The Torrents of Sag Harbor

| 16 Feb 2015 | 04:58

    Hamptons Letter It was a wild week in Sag Harbor. The rain stopped. The town made Newsday and the carnival came to town. The only woman in town still wearing makeup was one I encountered at 6 a.m. leaving the home of the cute divorced dad down the street. I was walking the dog between downpours. It was good to see someone still cared.

    To the relentless pounding of the water from the heavens was added the terrible story of the young men in the Russian submarine, trapped under water. We talked about it as we ran to our cars. Engulfed by water, day after day.

    And while it poured, the Battle of the Roundabout raged, becoming so vitriolic that it made its way into Newsday, the Long Island paper of record. Basically, the story is this: at the end of Main St. in Sag Harbor, Rte. 114 (the back road to East Hampton), the bridge to North Haven (and by extension to Southampton) and Main St. all meet. Because there are so many people out here now, traffic can get awfully congested on the weekends. The village board of trustees has been looking for solutions to this problem.

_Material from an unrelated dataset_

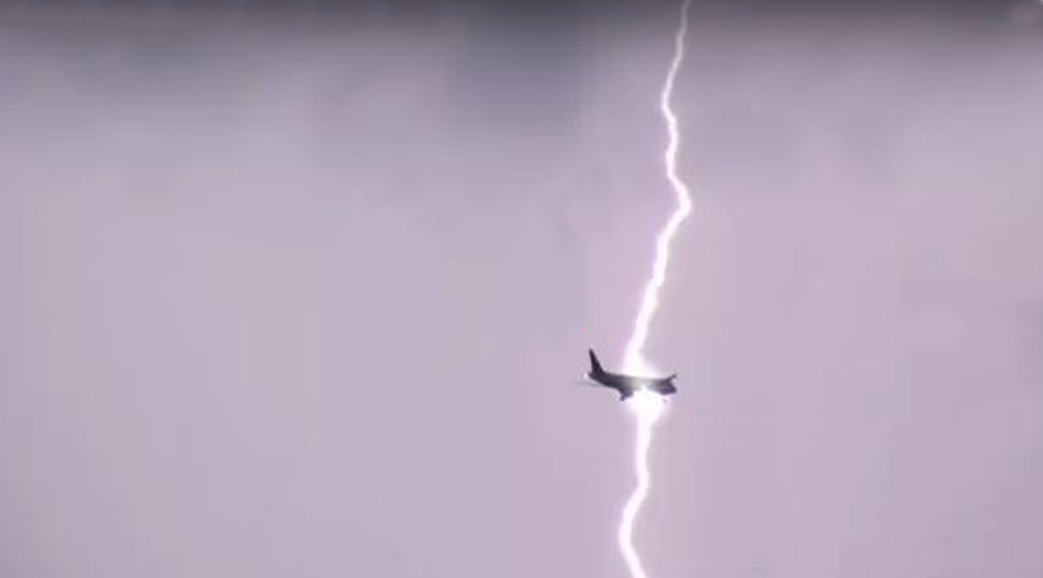 Amazing Airplane Struck By Lightning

    Putting in a roundabout at the end of Main St. was proposed by the state of New York. Villagers divided for and against. My next-door neighbor Jennifer was elected village trustee on the against ticket. When I arrived in Sag Harbor on July 1, the battle was already joined.

    The curious part of this is that there already is something of a little roundabout at the end of Main St., and if you watch where you are going, it's fine. Nothing is going to make the number of people and cars, which is really the problem, any better unless cars are banned and public transportation improved, but that's another story.

    At any rate I hung over the fence and asked Jennifer what the problem was, and she said quite simply that if they constructed a proper roundabout it would take up a lot more space up there by the Long Wharf, and that's all I had to hear and immediately I was against it too.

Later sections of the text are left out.